__SOURCE DATA__

◆ ◆ ◆ ◆

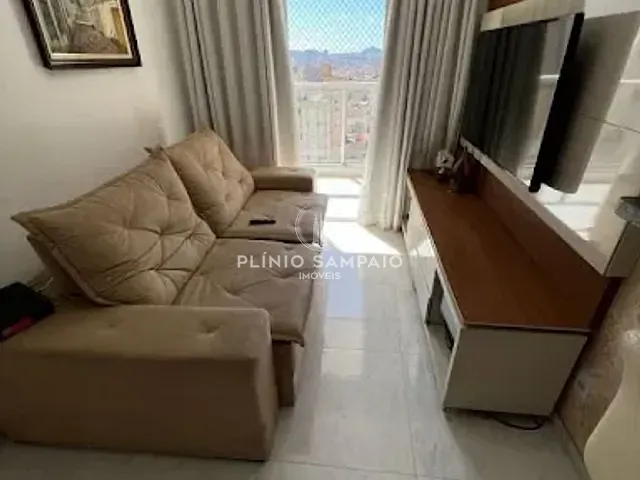 Apartamento 2 quartos e 2 banheiros, à venda, no bairro Praia de Itaparica em Vila Velha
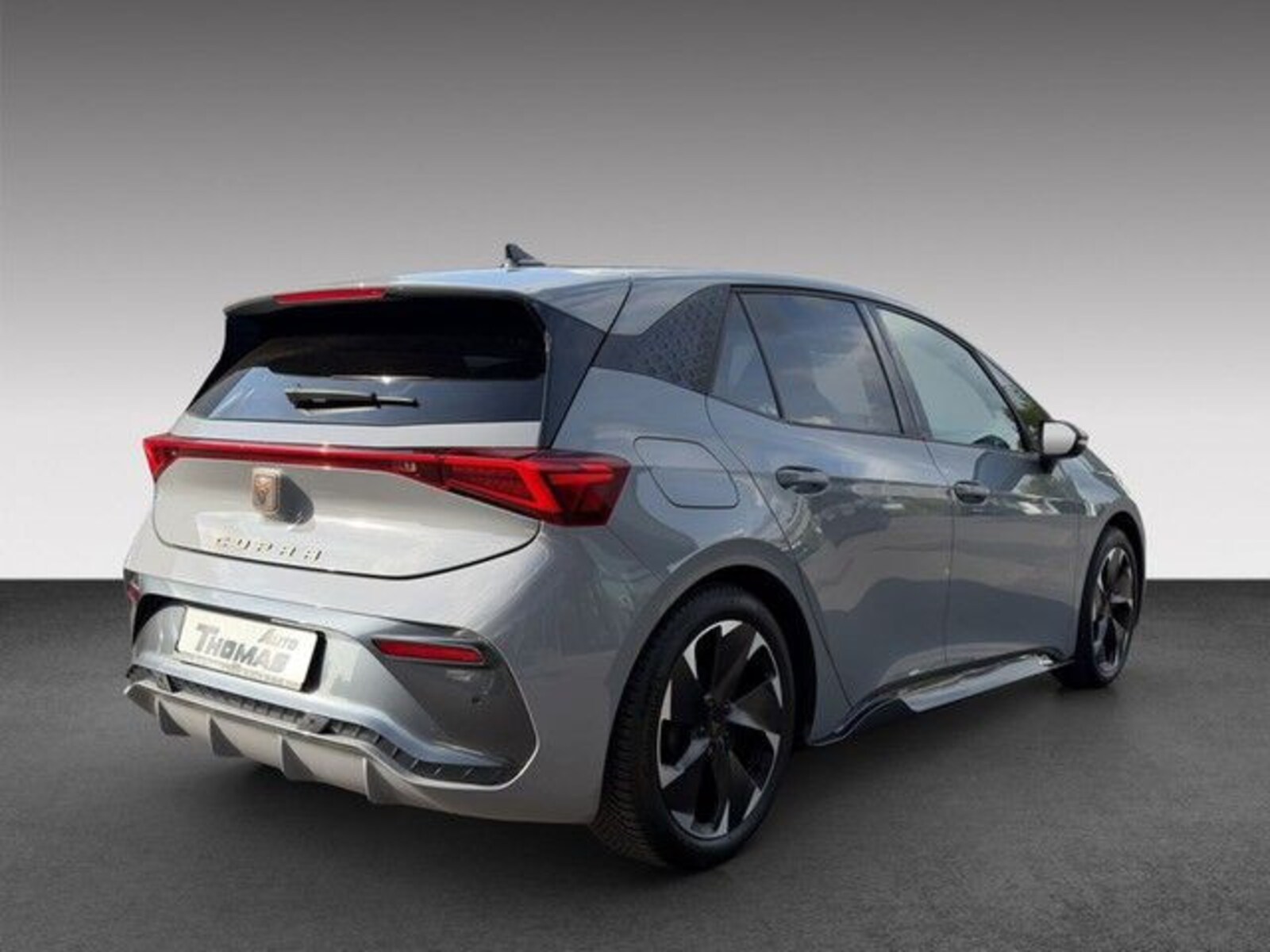 CUPRA Born – Bild 7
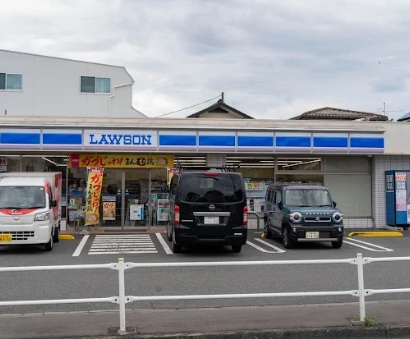 ハーモニー ﾛｰｿﾝ 小平学園東町店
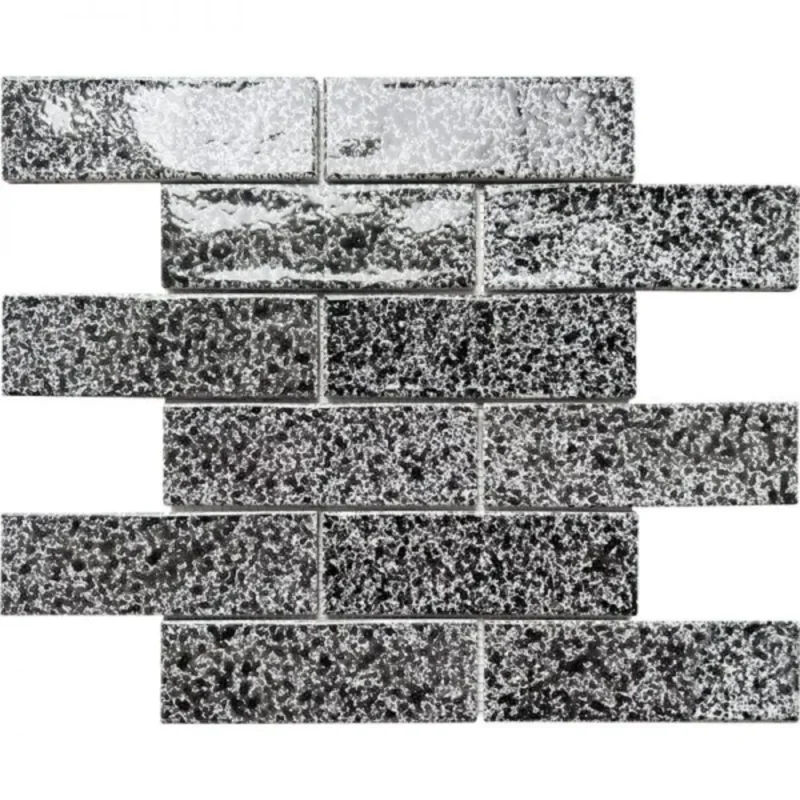 Pukka Tile Terazzo 05Terazzo Porselen Mozaik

◆ ◆ ◆ ◆

__TASK DETAILS__
Restate each line of the material word for word, skipping any picture.

__TASK OUTPUT__
 Apartamento 2 quartos e 2 banheiros, à venda, no bairro Praia de Itaparica em Vila Velha
 CUPRA Born – Bild 7
 ハーモニー ﾛｰｿﾝ 小平学園東町店
 Pukka Tile Terazzo 05Terazzo Porselen Mozaik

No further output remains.